One range is to be output from the listing below, exactly as written: the line with "Kinderwagen. Härtelwagen Staaken, Zeppelinwerft" to the line with "手に持つタイプのクレープと思ったら上品なプレートタイプだった テイクアウトのはワンハンドタイプも有り ミコチャン", both kept.

AVAILABLE RECORDS:
-----
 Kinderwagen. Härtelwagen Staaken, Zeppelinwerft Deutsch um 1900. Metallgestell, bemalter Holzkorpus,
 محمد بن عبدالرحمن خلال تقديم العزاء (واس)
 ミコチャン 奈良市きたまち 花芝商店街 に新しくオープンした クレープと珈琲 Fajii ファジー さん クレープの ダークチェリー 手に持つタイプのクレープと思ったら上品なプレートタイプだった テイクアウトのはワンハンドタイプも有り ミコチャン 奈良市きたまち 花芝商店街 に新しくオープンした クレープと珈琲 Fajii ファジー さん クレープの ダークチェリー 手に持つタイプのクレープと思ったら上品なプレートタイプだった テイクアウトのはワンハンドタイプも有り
-----
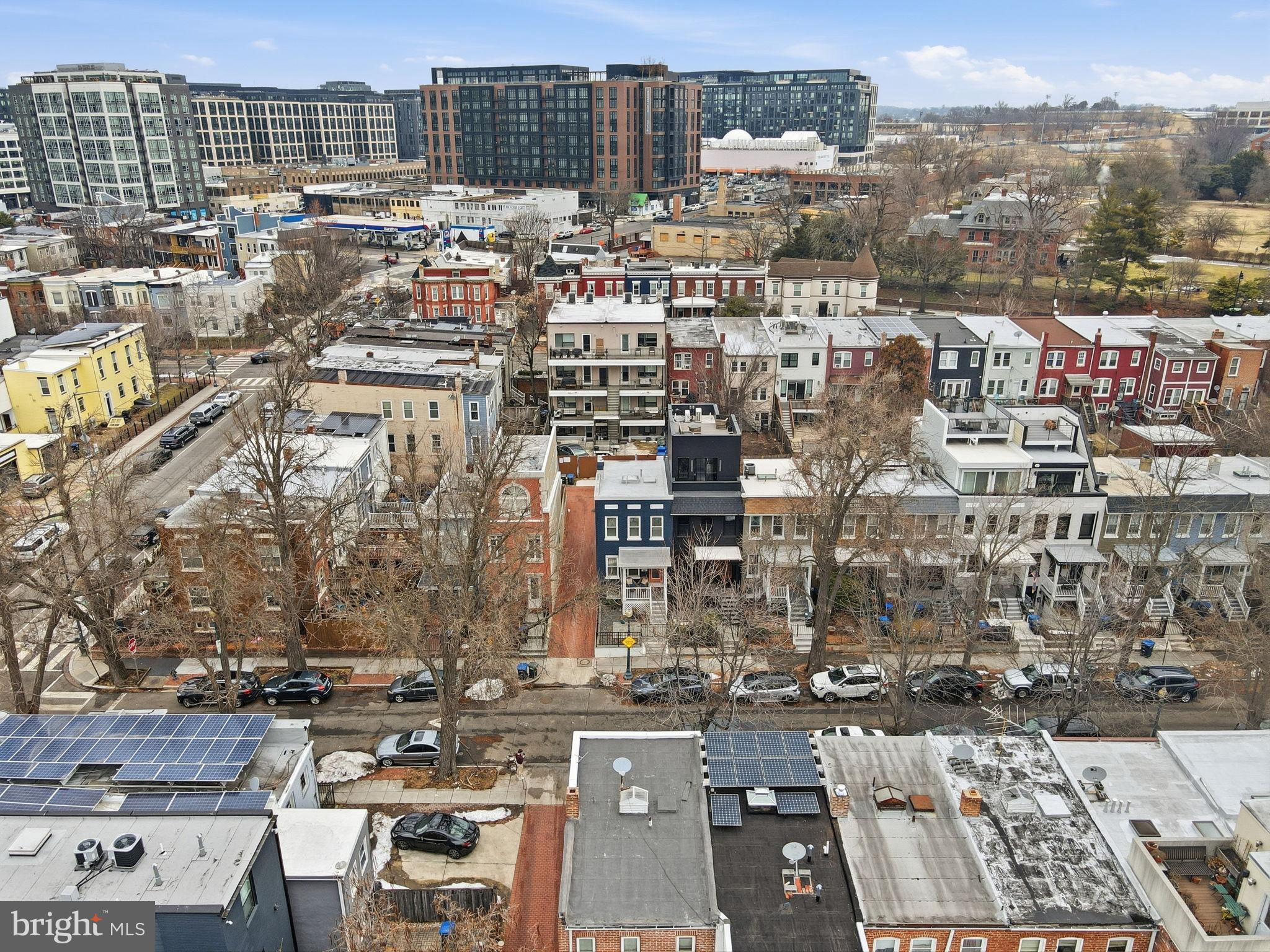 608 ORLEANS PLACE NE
-----
TASK OUTPUT:
 Kinderwagen. Härtelwagen Staaken, Zeppelinwerft Deutsch um 1900. Metallgestell, bemalter Holzkorpus,
 محمد بن عبدالرحمن خلال تقديم العزاء (واس)
 ミコチャン 奈良市きたまち 花芝商店街 に新しくオープンした クレープと珈琲 Fajii ファジー さん クレープの ダークチェリー 手に持つタイプのクレープと思ったら上品なプレートタイプだった テイクアウトのはワンハンドタイプも有り ミコチャン 奈良市きたまち 花芝商店街 に新しくオープンした クレープと珈琲 Fajii ファジー さん クレープの ダークチェリー 手に持つタイプのクレープと思ったら上品なプレートタイプだった テイクアウトのはワンハンドタイプも有り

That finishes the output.